In the future, thanks to the work of Prof. Kirsten and his colleagues, a kind of data pool with all available information could be created here, from which all existing data on a specific question can then be retrieved quickly. “In this way, correlations could be identified more quickly and easily and open questions answered,” Prof. Kirsten is convinced.

When using patient data, the high requirements of data protection in the healthcare sector must be observed. Anonymity must be maintained and the data must not leave the place where they were collected for treatment purposes. “These are demanding requirements that the data integration centers, also here at the UKL, are working on implementing,” says Kirsten. The task of his department is now to analyze this data merged in this way. To this end, suitable methods must first be developed and an infrastructure created that enables the collection and evaluation not only of the people of Leipzig, but ultimately of all data nationwide. To achieve this, Prof. Kisten and his colleagues from the SMITH consortium are working together with all other locations of the Medical Informatics Initiative. A current project is the “Personal Health Train” – a procedure that is intended to enable a phased evaluation of large amounts of data on site by carrying out an interim evaluation at the various centers, the results of which are then transported to the next data storage location. “In this way, the individual data of the patients do not leave the centers where they are collected and needed for treatment, but can be evaluated and processed in pseudonymized form,” explains Prof. Kirsten. Specifically, these are, for example, questions about the early detection of glaucoma and other eye diseases or the pattern recognition of rare leukodystrophies, which can thus be detected more quickly and treated better.

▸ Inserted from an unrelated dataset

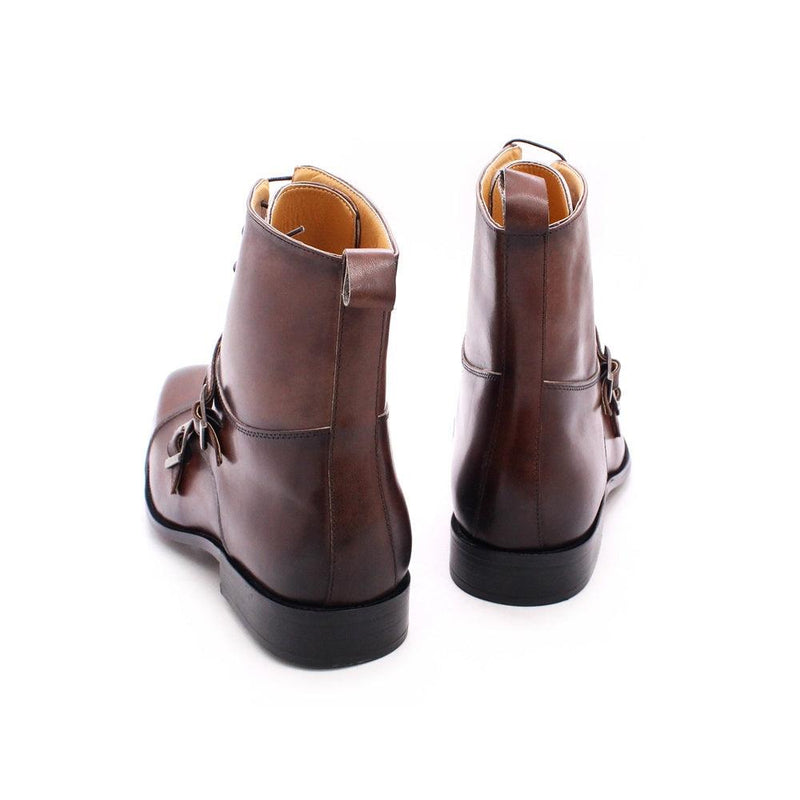 Men's British Genuine Calfskin Leather Cowboy Boots - AM APPAREL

In order to anchor such methods even more in medicine in the future, Leipzig University is offering the Master’s program in Medical Data Science from the winter semester, in which Prof. Kirsten is also involved. Here, scientists, but also doctors, are to be trained as experts for data collection and evaluation in order to be able to further advance the digitization of medicine for the benefit of patients.

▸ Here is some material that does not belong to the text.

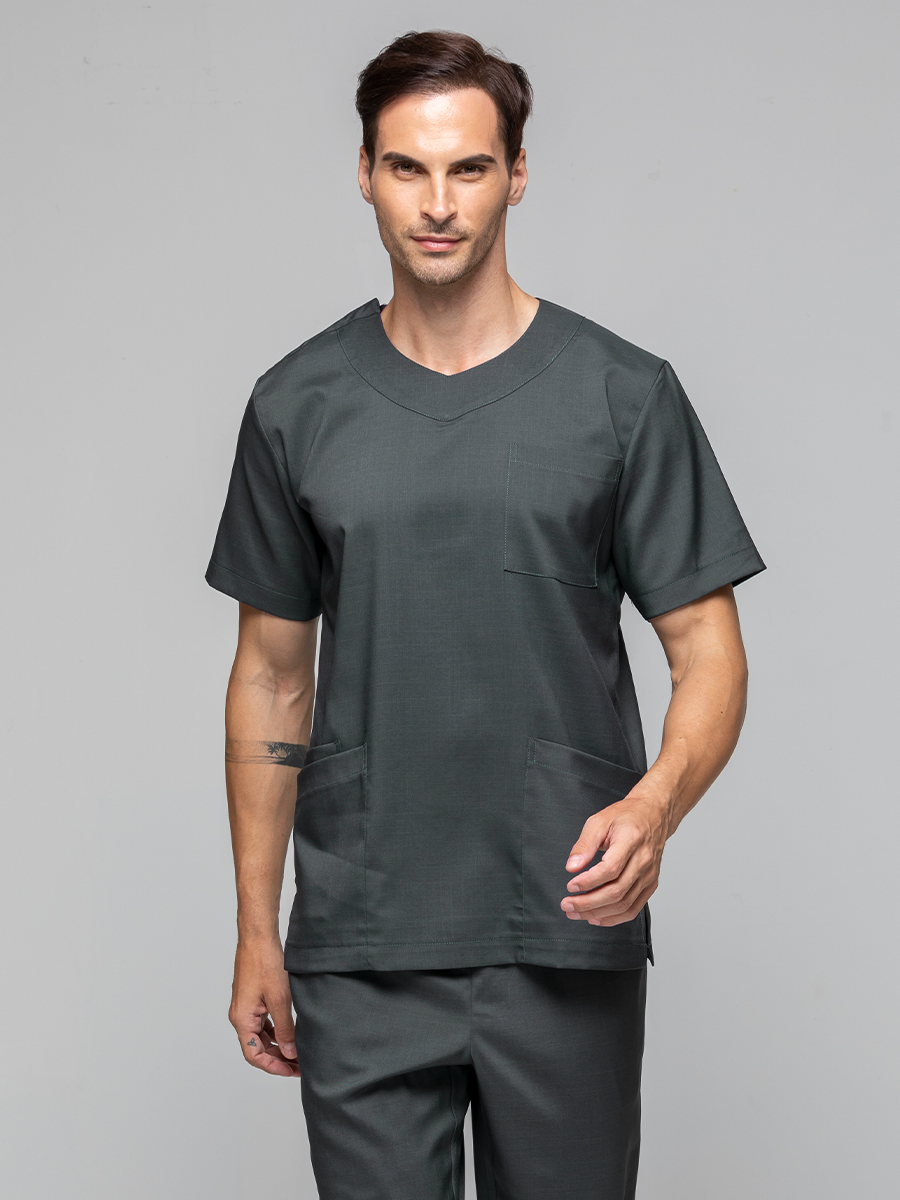 【 AS7181-W7 】男刷手上衣-ASV薄彈布-暗岩灰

“I am very much looking forward to my new task in this highly exciting field and hope for many network projects and application questions,” says Prof. Toralf Kirsten with a view to the development work that lies ahead of him. “Thanks to many existing projects, Leipzig has a very good basis for this, on which we will now build intensively.”


The aim of the Medical Informatics Initiative (MII) is to improve research opportunities and patient care through innovative IT solutions. These are intended to enable the exchange and use of data from health care, clinical and biomedical research across the boundaries of institutions and locations. The Federal Ministry of Education and Research (BMBF) is funding MII with over 160 million euros until 2021. In the four consortia DIFUTURE, HiGHmed, MIRACUM and SMITH, all institutions of the University Medical Center in Germany work together with research institutions, companies, health insurance companies and patient representatives at over 30 locations to develop the framework conditions so that findings from research can reach the patient directly. Data protection and data security have the highest priority.

The Smart Medical Information Technology for Healthcare (SMITH) consortium brings together nine university hospitals and nine other partners from research and industry. SMITH will be funded by the BMBF from 2018 to 2021 with a total funding volume of approx. 45 million.